FSOM: British tennis continuing to serve faults

Tennis

Let us all give thanks to Grigor Dimitrov for what he is doing for women’s tennis.

We can only hope the LTA use him to do something similar to the British game.

You might not instantly recognise Dimitrov’s name.

As of June, he was ranked 31st among male players, equating him to Nigeria in FIFA’s world football rankings.

But he is better known as the current squeeze of Maria Sharapova, and the former boo of Serena Williams.

This has prompted one of the biggest bitch-fests since Queen Elizabeth I gave the condemned cell a lick of paint, invited her executioner to get a nice keen edge on his axe, and then invited Mary Queen of Scots around to a Tudor Anne Summers’ party.

Dimitrov is the net as the words have flown back and forth between Sharapova and Williams like a battered ball in one of their 30-stroke rallies.

Fifty Shades is the last man on the planet to try and second guess what goes on inside any woman’s head, but even he cannot see what the world’s top two tennis players see in him.

He may be an absolute charmer with chiselled features, a ripped body (a hugely overrated thing, in Fifty Shades’ opinion) and hidden assets well-disguised in his tennis shorts.

But Sharapova and Williams could pretty much have their pick of chaps, even if their busy schedule makes it difficult to date anybody outside of the close-knit community of tennis Chippendales.
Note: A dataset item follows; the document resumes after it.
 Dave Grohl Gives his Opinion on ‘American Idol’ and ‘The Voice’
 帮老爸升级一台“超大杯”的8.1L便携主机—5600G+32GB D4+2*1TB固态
So it seems even stranger that he has charmed the wristbands off not one of the world’s top tennis players, but the next as well unless, of course, there is another game being played here besides tennis.

Perhaps Sharapova lassoed him and corralled him as an act of revenge towards Williams, an indication that the American couldn’t take all the prizes.  In other words “You take all the titles, I’ll take your boyfriend.”

Either way, it has lit up women’s tennis like a match tossed into a petrol-soaked barbecue pit with a box of fireworks on top.

The row between them has simmered for a while like a spat between Nikki Minaj and Rihanna over who has the most bodacious booty (or, depending on your taste, whose rear end least looks like two little boys fighting under a blanket, when they walk) but has now erupted like Mount Etna.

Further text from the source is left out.